Für mich ist es sehr spannend besser zu verstehen, warum das Universum so aussieht wie es aussieht. Die sogenannte dunkle Materie spielt dabei eine entscheidende Rolle, um beispielsweise die Anordnung von Galaxien zu verstehen. Die Physiker glauben nun recht sicher zu wissen, dass es etwa fünfmal mehr dunkle Materie als uns bekannte Materie gibt, wobei der Name »dunkel« meint, dass wir erstens noch keine Ahnung haben um was es sich genau handelt und zweitens, dass diese Materie nicht in leuchtenden Sternen zu finden ist. Es ist aufregend, dass dieser große Haufen Unbekanntes da draußen zu sein scheint und wir nur wissen, dass er da ist, aber nicht was es ist. Es wäre also echt cool, bei dieser ziemlich existenziellen Frage der Menschheit etwas Licht ins »Dunkel« bringen zu können, wozu die genaue Messung von kosmischer Strahlung hoffentlich beitragen kann.

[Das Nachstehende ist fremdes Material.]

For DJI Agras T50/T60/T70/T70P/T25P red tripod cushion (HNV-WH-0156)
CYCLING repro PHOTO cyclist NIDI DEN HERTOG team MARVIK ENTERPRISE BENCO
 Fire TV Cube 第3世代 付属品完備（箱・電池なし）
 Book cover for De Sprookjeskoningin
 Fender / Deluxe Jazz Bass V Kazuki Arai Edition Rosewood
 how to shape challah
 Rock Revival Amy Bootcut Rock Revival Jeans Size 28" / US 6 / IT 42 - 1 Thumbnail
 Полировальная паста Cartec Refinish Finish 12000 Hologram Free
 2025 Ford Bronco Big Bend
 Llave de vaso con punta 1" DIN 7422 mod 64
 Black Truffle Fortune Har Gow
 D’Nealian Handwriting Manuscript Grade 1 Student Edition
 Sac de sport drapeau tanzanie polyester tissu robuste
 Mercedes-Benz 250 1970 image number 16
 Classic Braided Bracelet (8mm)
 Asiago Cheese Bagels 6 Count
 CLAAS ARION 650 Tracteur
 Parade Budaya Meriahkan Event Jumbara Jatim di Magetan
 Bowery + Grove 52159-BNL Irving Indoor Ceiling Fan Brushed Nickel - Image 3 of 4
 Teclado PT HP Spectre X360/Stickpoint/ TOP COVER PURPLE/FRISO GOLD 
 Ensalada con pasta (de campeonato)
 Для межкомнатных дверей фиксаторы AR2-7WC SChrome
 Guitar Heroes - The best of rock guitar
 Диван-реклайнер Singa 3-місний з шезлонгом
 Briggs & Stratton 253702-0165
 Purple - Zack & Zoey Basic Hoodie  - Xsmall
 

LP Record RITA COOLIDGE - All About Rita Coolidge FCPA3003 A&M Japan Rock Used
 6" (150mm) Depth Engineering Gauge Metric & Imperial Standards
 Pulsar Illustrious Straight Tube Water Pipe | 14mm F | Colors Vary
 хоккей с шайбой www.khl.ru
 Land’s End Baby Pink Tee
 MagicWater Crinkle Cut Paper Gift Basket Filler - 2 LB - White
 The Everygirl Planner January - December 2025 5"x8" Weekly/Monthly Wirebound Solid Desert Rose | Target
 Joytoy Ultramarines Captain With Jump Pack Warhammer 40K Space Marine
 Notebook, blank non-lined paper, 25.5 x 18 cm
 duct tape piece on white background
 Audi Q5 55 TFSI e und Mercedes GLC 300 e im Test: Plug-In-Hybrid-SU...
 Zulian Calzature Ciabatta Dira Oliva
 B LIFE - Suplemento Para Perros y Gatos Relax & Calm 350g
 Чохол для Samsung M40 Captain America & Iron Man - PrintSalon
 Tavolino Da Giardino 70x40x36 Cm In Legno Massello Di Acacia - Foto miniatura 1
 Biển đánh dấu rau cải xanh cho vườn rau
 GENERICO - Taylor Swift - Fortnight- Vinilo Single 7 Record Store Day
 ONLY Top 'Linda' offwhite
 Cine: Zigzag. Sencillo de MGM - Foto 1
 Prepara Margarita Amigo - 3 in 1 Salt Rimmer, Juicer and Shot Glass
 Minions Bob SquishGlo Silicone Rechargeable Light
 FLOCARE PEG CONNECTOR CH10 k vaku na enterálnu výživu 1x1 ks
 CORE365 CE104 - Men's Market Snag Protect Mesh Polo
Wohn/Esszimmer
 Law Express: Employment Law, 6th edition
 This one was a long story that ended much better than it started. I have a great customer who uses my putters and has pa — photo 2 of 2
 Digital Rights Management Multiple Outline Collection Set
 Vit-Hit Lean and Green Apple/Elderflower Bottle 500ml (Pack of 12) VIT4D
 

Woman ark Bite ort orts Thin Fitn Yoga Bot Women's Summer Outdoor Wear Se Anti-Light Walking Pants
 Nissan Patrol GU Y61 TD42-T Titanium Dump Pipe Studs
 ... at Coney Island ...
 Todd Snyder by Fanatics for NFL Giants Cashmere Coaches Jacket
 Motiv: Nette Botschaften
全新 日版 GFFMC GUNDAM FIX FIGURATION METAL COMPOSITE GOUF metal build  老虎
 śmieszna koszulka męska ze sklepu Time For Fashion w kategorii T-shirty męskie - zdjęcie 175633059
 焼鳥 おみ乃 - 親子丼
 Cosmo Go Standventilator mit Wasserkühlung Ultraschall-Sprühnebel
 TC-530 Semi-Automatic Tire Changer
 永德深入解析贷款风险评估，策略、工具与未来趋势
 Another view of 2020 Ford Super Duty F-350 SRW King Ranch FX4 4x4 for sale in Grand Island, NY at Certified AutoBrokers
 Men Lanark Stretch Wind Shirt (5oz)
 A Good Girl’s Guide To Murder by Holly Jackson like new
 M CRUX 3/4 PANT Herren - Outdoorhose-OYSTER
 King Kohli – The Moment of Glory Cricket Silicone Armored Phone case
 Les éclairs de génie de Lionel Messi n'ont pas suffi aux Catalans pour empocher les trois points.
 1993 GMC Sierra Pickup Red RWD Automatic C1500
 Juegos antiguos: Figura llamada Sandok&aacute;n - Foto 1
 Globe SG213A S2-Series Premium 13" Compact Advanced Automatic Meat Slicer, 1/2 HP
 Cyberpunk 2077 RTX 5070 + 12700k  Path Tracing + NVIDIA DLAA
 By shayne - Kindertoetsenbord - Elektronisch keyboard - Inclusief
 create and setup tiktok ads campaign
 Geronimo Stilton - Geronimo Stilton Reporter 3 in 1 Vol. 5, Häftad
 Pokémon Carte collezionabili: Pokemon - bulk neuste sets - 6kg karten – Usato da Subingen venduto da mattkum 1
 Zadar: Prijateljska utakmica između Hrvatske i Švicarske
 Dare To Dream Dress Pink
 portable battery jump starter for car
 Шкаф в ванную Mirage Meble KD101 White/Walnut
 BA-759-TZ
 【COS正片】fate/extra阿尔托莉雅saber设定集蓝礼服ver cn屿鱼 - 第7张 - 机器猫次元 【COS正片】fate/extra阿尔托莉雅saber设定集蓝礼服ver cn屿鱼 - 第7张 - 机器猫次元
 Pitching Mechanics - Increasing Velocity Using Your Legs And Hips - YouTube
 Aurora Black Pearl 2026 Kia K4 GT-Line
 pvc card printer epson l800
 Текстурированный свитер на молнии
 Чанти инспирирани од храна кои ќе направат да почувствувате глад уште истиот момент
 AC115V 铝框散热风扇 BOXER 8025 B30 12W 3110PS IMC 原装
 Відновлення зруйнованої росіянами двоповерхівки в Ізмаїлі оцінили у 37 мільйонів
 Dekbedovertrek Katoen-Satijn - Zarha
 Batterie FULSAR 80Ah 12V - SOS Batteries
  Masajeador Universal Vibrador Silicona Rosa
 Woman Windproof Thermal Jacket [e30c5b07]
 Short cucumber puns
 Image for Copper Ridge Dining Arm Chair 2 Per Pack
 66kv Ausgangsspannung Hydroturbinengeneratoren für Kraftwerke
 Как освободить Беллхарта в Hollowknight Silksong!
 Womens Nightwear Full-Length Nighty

Sehr wahr und abgefahren. Zurück zu Tattoos: Von wem wirst du dich in den USA zum ersten Mal tätowieren lassen? Und warum?
Ich habe ja bereits ein paar Tätowierungen von Amerikanern wie Kaz von New York Adorned oder Justin Martinez aus San Antonio, aber die nächste Tätowierung aus der Region um San Francisco wird von Paul Dobleman vom Spider Murphy’s Tattoo Shop in San Rafael sein: cooler Oldschool-Stil mit tollen Schattierungen und ein paar guten Extra-Ideen.
In den USA war es früher ja üblich, wichtige Flugzeuge, Schiffe und dergleichen mit einer Comicfigur oder einem kleinen oldschooligen Motiv zu bemalen. Du kannst ja selber auch gut zeichnen und malen. Darfst du das Alpha-Magnet-Spektrometer (AMS), das im April auf die internationale Raumstation fliegt, oder den Weltraum-Detektor für Antideuteriumkerne beim wissenschaftlichen Ballonflug in etwa vierzig Kilometer Höhe, den du gerade in Berkeley baust, auch bemalen?
Coole Idee eigentlich! Das AMS-Experiment trägt ja ein offizielles NASA-Logo, was auch schon was her macht. Vielleicht kann ich ja für mein derzeitiges Projekt an der Logogestaltung mitwirken? Darüber habe ich sogar schon einmal nachgedacht, vielleicht irgendwas mit Lichtblitzen und peitschender See, da unser Forschungs-Ballon von der Küste Japans starten wird.
Aye, chefmässig! Peitschenden Hochsee-Piraten! Danke für das Gespräch – und möge die dunkle Materie sich mithilfe Deiner Arbeit gefälligst deutlicher zeigen!